» **TASK BRIEF**: Would you repeat every line of the data exactly?

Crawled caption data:
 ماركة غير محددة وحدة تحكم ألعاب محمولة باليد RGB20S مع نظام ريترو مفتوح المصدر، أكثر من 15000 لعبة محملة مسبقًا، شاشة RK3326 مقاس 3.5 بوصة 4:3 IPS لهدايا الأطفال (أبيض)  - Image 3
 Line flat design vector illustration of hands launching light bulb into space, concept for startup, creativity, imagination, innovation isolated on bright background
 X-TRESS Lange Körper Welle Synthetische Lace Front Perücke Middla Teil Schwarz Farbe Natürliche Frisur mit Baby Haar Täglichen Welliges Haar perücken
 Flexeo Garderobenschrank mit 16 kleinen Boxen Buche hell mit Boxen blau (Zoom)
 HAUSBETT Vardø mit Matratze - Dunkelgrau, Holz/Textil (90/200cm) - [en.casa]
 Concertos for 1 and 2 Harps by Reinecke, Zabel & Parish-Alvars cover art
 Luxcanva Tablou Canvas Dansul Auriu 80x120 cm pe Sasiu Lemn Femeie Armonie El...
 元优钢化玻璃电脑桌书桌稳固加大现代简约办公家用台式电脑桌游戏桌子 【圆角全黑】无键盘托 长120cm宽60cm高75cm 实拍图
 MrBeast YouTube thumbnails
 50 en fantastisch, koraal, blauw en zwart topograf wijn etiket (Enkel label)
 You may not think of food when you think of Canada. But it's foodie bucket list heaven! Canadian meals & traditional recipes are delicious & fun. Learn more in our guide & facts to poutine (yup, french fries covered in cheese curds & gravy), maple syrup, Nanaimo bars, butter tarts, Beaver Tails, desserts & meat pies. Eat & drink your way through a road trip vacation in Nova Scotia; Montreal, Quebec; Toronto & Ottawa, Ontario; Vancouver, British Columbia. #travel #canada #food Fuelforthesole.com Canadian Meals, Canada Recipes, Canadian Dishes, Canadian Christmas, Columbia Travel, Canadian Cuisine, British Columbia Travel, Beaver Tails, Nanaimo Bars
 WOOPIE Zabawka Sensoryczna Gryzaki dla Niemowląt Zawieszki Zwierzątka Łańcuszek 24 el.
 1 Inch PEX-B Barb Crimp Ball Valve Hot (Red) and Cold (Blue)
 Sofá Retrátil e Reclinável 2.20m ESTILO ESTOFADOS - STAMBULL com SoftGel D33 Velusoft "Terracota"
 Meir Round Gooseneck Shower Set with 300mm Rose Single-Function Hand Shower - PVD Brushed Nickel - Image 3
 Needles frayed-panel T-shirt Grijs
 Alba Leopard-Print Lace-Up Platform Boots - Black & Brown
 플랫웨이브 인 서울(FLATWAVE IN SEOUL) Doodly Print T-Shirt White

» **ANSWER BELOW**:
 ماركة غير محددة وحدة تحكم ألعاب محمولة باليد RGB20S مع نظام ريترو مفتوح المصدر، أكثر من 15000 لعبة محملة مسبقًا، شاشة RK3326 مقاس 3.5 بوصة 4:3 IPS لهدايا الأطفال (أبيض)  - Image 3
 Line flat design vector illustration of hands launching light bulb into space, concept for startup, creativity, imagination, innovation isolated on bright background
 X-TRESS Lange Körper Welle Synthetische Lace Front Perücke Middla Teil Schwarz Farbe Natürliche Frisur mit Baby Haar Täglichen Welliges Haar perücken
 Flexeo Garderobenschrank mit 16 kleinen Boxen Buche hell mit Boxen blau (Zoom)
 HAUSBETT Vardø mit Matratze - Dunkelgrau, Holz/Textil (90/200cm) - [en.casa]
 Concertos for 1 and 2 Harps by Reinecke, Zabel & Parish-Alvars cover art
 Luxcanva Tablou Canvas Dansul Auriu 80x120 cm pe Sasiu Lemn Femeie Armonie El...
 元优钢化玻璃电脑桌书桌稳固加大现代简约办公家用台式电脑桌游戏桌子 【圆角全黑】无键盘托 长120cm宽60cm高75cm 实拍图
 MrBeast YouTube thumbnails
 50 en fantastisch, koraal, blauw en zwart topograf wijn etiket (Enkel label)
 You may not think of food when you think of Canada. But it's foodie bucket list heaven! Canadian meals & traditional recipes are delicious & fun. Learn more in our guide & facts to poutine (yup, french fries covered in cheese curds & gravy), maple syrup, Nanaimo bars, butter tarts, Beaver Tails, desserts & meat pies. Eat & drink your way through a road trip vacation in Nova Scotia; Montreal, Quebec; Toronto & Ottawa, Ontario; Vancouver, British Columbia. #travel #canada #food Fuelforthesole.com Canadian Meals, Canada Recipes, Canadian Dishes, Canadian Christmas, Columbia Travel, Canadian Cuisine, British Columbia Travel, Beaver Tails, Nanaimo Bars
 WOOPIE Zabawka Sensoryczna Gryzaki dla Niemowląt Zawieszki Zwierzątka Łańcuszek 24 el.
 1 Inch PEX-B Barb Crimp Ball Valve Hot (Red) and Cold (Blue)
 Sofá Retrátil e Reclinável 2.20m ESTILO ESTOFADOS - STAMBULL com SoftGel D33 Velusoft "Terracota"
 Meir Round Gooseneck Shower Set with 300mm Rose Single-Function Hand Shower - PVD Brushed Nickel - Image 3
 Needles frayed-panel T-shirt Grijs
 Alba Leopard-Print Lace-Up Platform Boots - Black & Brown
 플랫웨이브 인 서울(FLATWAVE IN SEOUL) Doodly Print T-Shirt White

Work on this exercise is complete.